Image-caption web data:
——
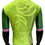 Miniatura: Jersey Costa Rica 2024 Verde Manga Corta Semipro Hombre 12621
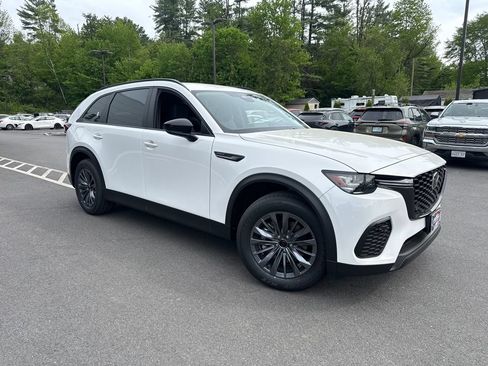 New 2026 MAZDA CX-70 SC Plus AWD/4WD image 7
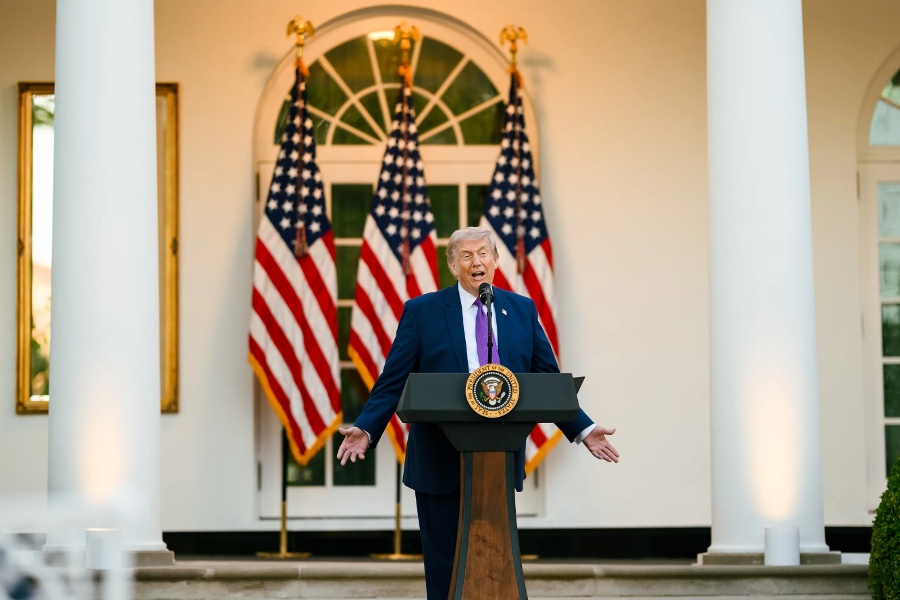 US waives Iran sanctions, Trump says he will do what I have to if Tehran misbehaves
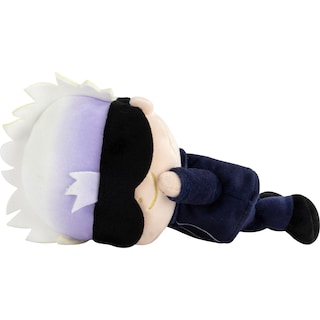 Foto 1 | Foto 1 | Peluche Club Mocchi Mocchi Suya Suya Sleeping Friend Jujutsu Kaisen Satoru Gojo, 20 Cm - Venta Internacional.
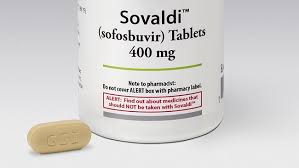 Sovaldi (sofosbuvir)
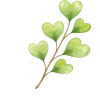 Стикер 25 Love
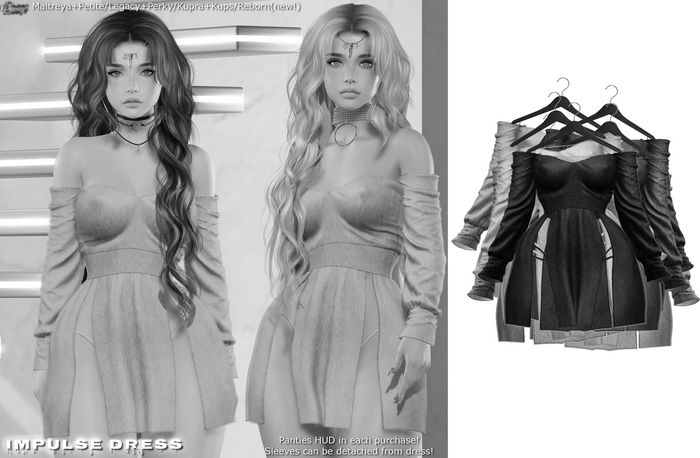 [Eternus] DEMO Impulse Dress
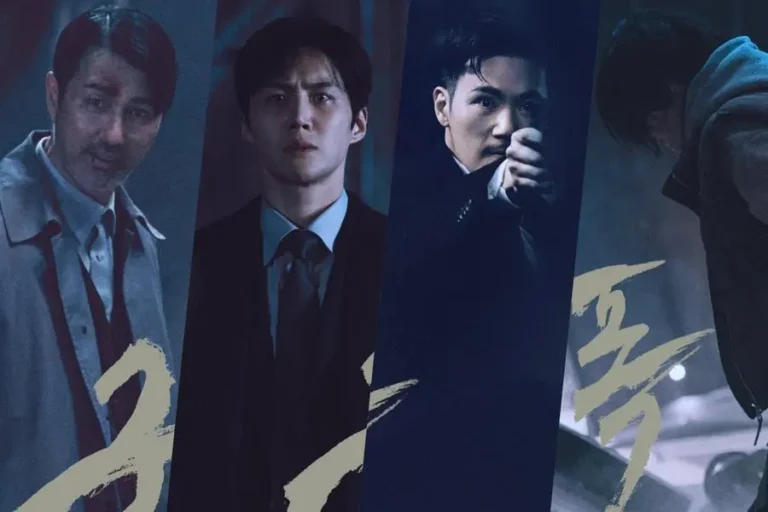 Plongée dans le suspense avec les nouveaux posters de ‘The Tyrant’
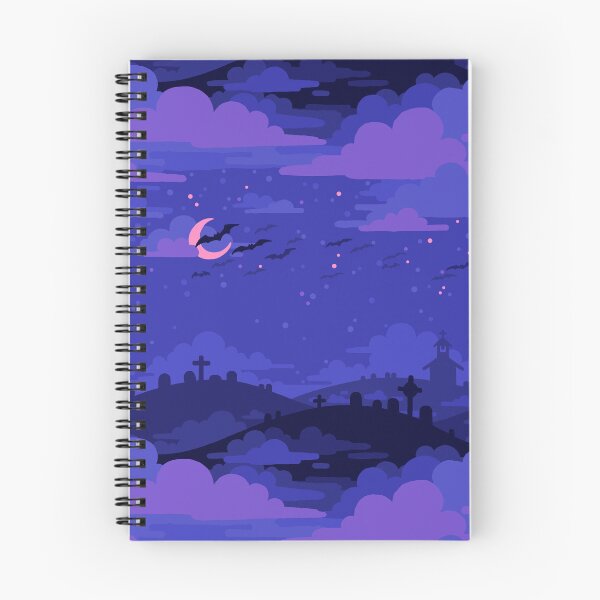 Item preview, restless night designed and sold by cosmoflare.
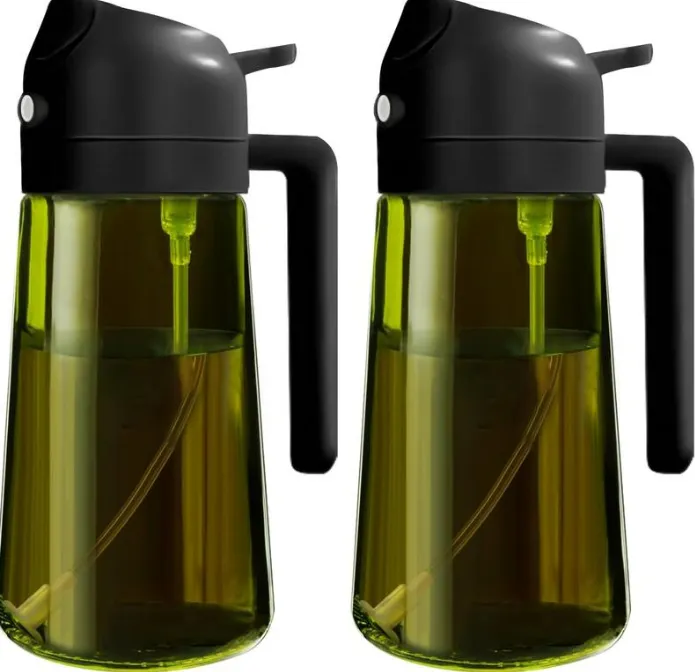 你的TikTok厨房爆款“油管家”已就位，自带吸金buff！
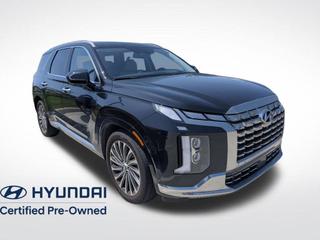 2025 Hyundai Palisade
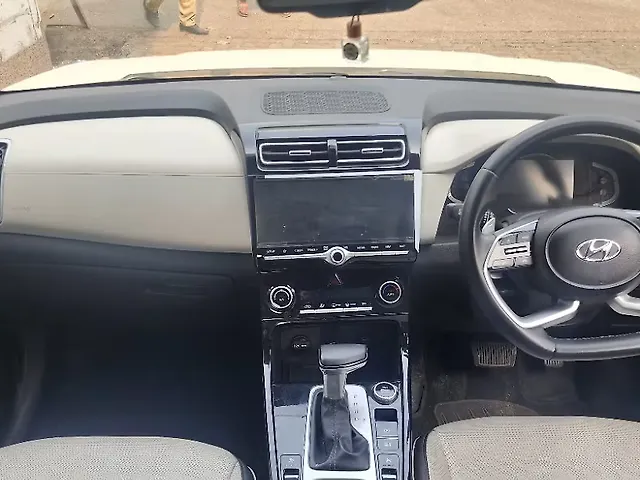 Used Hyundai Creta [2020-2023] SX (O) 1.5 Petrol CVT [2020-2022] in Mumbai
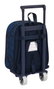 Safta Moch 232+Carro 805 Batman Legendary - Mallette et chariot, 22 x 27 x 10 cm, recommandé de 3 ans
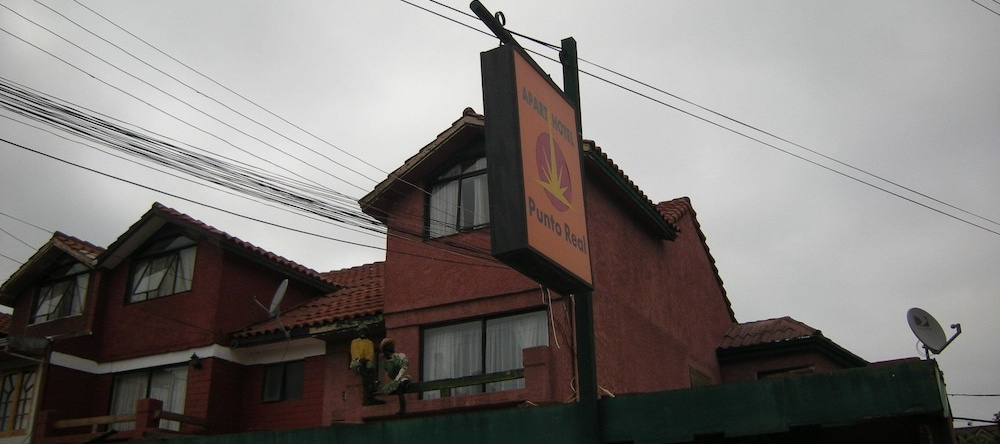 Apart Hotel Punto Real, Курико — фото 1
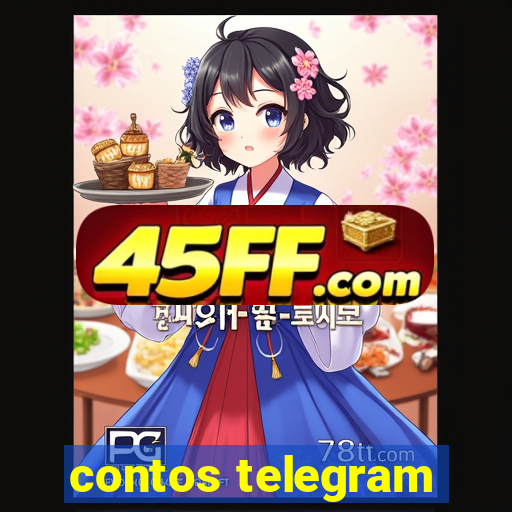contos telegram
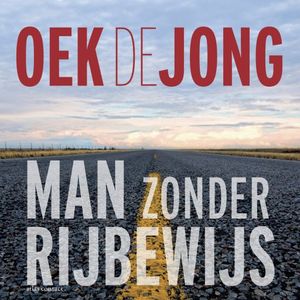 Man zonder rijbewijs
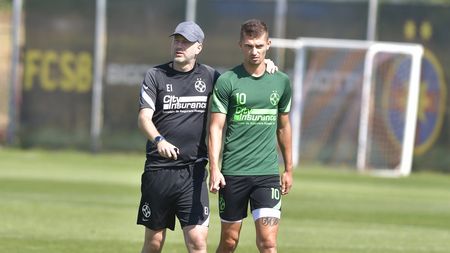Căpitan-surpriză pentru FCSB, la meciul cu Dinamo! Edi Iordănescu: „Toate deciziile îmi aparțin, iar grupul se va supune”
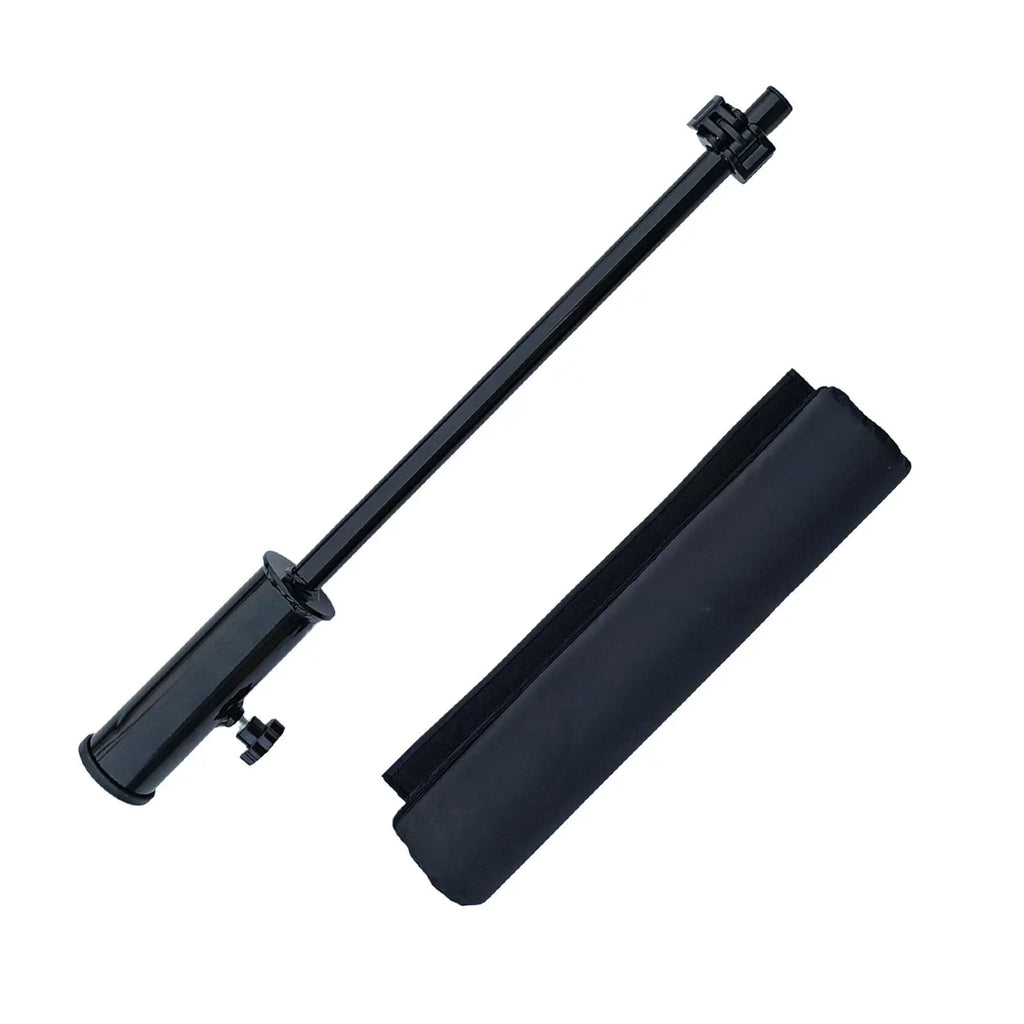 with Barbell Weight Bar Landmine Accs Attachment Attachment cover Exercise Lifting Fitness Biceps inch Training Bar 2 for Triceps for Handle Deadlift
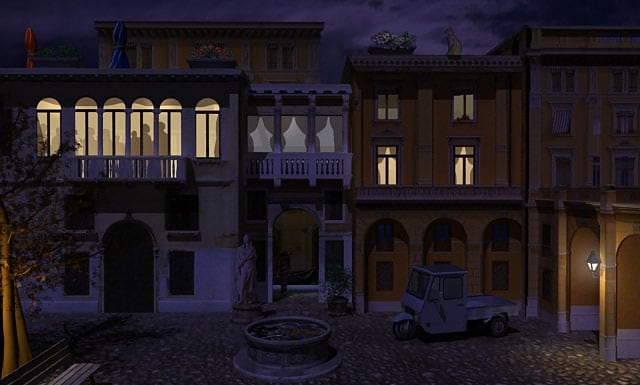 南茜·朱尔：威尼斯魅影[Nancy Drew: The Phantom of Venice] 游戏截图9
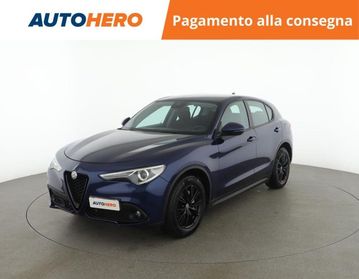 ALFA ROMEO Stelvio 2.2 Turbodiesel 190 CV AT8 Q4 Business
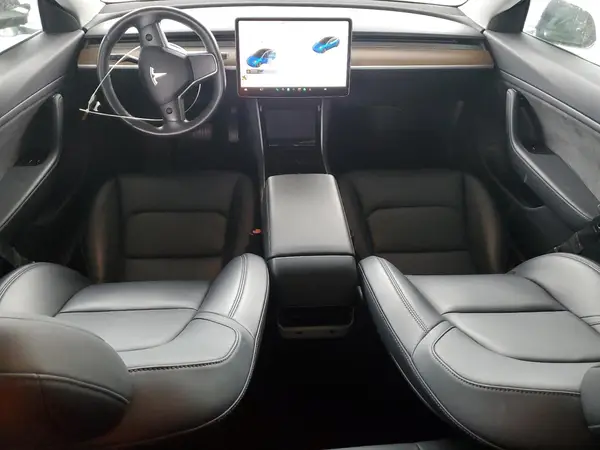 5YJ3E1EA1JF026065 2018 TESLA MODEL 3 - Image 8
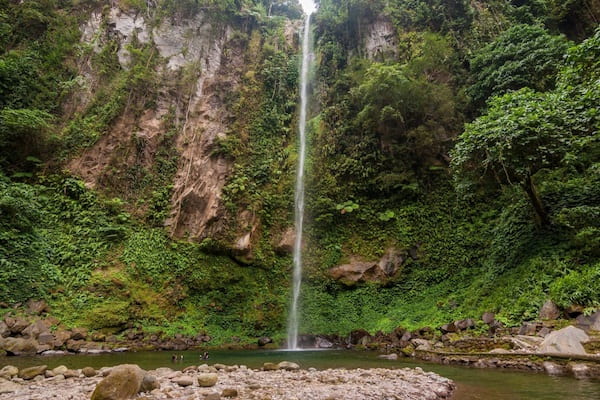 Es el hogar de impresionantes cascadas 3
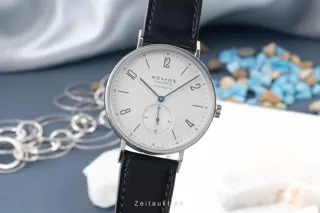 NOMOS Neomatik 140 38mm Stainless steel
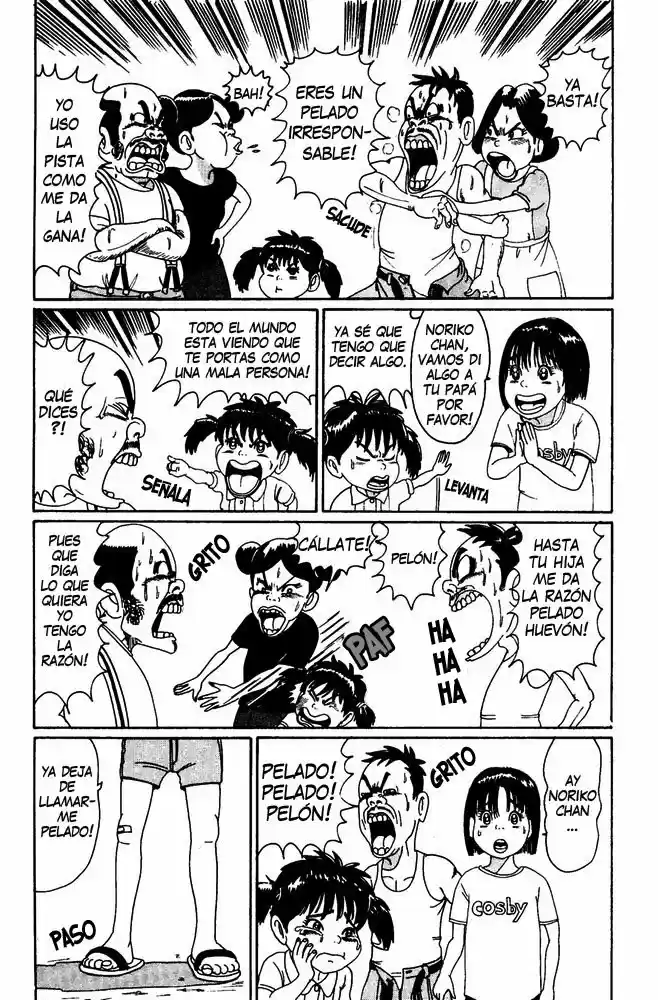 La Familia Radical De Urayasu - Capítulo 19 - Página 9 - LectorTMOo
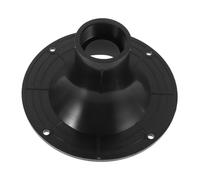 ifundom Adattatore in Plastica Filettatura Interna Per Clacson Adattatore Per Altoparlante Corpo Di Ricambio Per Clacson Per Altoparlante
——
- **Aim of the exercise**
Reproduce the data above exactly, leaving out any picture in it.

- **Exercise result**
 Miniatura: Jersey Costa Rica 2024 Verde Manga Corta Semipro Hombre 12621
 New 2026 MAZDA CX-70 SC Plus AWD/4WD image 7
 US waives Iran sanctions, Trump says he will do what I have to if Tehran misbehaves
 Foto 1 | Foto 1 | Peluche Club Mocchi Mocchi Suya Suya Sleeping Friend Jujutsu Kaisen Satoru Gojo, 20 Cm - Venta Internacional.
 Sovaldi (sofosbuvir)
 Стикер 25 Love
 [Eternus] DEMO Impulse Dress
 Plongée dans le suspense avec les nouveaux posters de ‘The Tyrant’
 Item preview, restless night designed and sold by cosmoflare.
 你的TikTok厨房爆款“油管家”已就位，自带吸金buff！
 2025 Hyundai Palisade
 Used Hyundai Creta [2020-2023] SX (O) 1.5 Petrol CVT [2020-2022] in Mumbai
 Safta Moch 232+Carro 805 Batman Legendary - Mallette et chariot, 22 x 27 x 10 cm, recommandé de 3 ans
 Apart Hotel Punto Real, Курико — фото 1
contos telegram
 Man zonder rijbewijs
Căpitan-surpriză pentru FCSB, la meciul cu Dinamo! Edi Iordănescu: „Toate deciziile îmi aparțin, iar grupul se va supune”
 with Barbell Weight Bar Landmine Accs Attachment Attachment cover Exercise Lifting Fitness Biceps inch Training Bar 2 for Triceps for Handle Deadlift
 南茜·朱尔：威尼斯魅影[Nancy Drew: The Phantom of Venice] 游戏截图9
 ALFA ROMEO Stelvio 2.2 Turbodiesel 190 CV AT8 Q4 Business
 5YJ3E1EA1JF026065 2018 TESLA MODEL 3 - Image 8
 Es el hogar de impresionantes cascadas 3
 NOMOS Neomatik 140 38mm Stainless steel
 La Familia Radical De Urayasu - Capítulo 19 - Página 9 - LectorTMOo
 ifundom Adattatore in Plastica Filettatura Interna Per Clacson Adattatore Per Altoparlante Corpo Di Ricambio Per Clacson Per Altoparlante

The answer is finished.